GrabFS Source Code

August 19th, 2008

Earlier this year, I released GrabFS, a MacFUSE file system that shows “live” screenshots of Mac OS X applications. If you wish to understand how GrabFS works, you can now browse its source.


New Install/Update Capabilities in MacFUSE

July 25th, 2008

MacFUSE has a new install/update mechanism that greatly simplifies and improves things both for end users and developers who use MacFUSE in their software.

The relevant wiki page has all the details.

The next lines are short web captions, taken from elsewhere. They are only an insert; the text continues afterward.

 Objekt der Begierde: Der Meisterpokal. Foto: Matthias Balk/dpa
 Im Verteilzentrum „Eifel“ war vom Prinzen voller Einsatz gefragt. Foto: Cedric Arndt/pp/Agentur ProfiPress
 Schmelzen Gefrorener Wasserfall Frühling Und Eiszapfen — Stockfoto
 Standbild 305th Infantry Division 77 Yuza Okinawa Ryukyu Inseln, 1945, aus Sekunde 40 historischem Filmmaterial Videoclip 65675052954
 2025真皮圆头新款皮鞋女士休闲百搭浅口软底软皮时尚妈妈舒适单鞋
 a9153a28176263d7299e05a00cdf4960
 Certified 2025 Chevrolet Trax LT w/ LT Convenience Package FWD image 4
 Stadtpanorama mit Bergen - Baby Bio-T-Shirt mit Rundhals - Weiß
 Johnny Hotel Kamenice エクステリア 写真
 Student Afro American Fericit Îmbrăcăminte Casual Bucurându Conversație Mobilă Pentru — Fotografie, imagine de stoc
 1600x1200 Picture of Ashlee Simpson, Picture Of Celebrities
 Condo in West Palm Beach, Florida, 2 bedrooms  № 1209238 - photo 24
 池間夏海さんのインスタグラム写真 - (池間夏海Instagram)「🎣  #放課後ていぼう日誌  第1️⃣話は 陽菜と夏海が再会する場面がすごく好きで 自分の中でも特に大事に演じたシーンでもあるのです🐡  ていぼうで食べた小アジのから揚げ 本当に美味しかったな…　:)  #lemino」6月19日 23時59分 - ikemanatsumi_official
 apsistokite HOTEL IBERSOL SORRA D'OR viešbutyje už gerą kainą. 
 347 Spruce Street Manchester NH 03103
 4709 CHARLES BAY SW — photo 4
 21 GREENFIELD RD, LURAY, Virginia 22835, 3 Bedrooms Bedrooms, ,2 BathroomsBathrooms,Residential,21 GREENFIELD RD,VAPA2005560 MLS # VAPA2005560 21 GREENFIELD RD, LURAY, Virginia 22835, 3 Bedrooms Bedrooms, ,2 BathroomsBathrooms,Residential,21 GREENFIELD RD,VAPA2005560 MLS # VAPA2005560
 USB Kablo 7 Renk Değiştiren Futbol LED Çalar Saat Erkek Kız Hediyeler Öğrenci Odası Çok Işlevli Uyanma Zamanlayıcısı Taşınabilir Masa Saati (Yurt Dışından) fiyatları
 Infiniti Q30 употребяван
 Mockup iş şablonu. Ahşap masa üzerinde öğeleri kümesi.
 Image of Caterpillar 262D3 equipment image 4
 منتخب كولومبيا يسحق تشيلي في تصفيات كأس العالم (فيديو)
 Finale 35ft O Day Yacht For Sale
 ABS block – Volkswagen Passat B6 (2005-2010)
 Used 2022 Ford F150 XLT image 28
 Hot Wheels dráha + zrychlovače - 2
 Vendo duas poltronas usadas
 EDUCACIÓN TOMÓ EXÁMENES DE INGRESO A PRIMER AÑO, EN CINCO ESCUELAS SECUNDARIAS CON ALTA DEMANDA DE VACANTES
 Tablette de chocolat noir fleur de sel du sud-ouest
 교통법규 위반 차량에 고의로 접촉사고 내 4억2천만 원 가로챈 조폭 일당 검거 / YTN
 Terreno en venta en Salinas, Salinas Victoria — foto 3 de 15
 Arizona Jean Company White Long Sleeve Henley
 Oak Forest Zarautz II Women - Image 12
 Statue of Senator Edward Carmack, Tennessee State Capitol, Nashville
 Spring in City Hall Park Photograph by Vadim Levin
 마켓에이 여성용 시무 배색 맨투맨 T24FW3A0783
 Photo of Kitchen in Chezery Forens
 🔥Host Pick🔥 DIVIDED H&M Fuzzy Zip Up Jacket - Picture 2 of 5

Note that instead of Tiger- and Leopard-specific downloads, now there’s a single downloadable disk image containing a single installable package. The package, which third parties can choose to include within their metapackages, knows how to install the latest version of MacFUSE for your platform.

Extending HFSDebug

July 23rd, 2008

Recently, I had a need to know if any files or folders had been modified or created on an HFS+ volume in the past N seconds. There are many ways you could generate this type of information on Mac OS X.

To begin with, you could try asking Spotlight.

Besides Spotlight, Mac OS X has a rich variety of mechanisms and APIs for learning about file system changes.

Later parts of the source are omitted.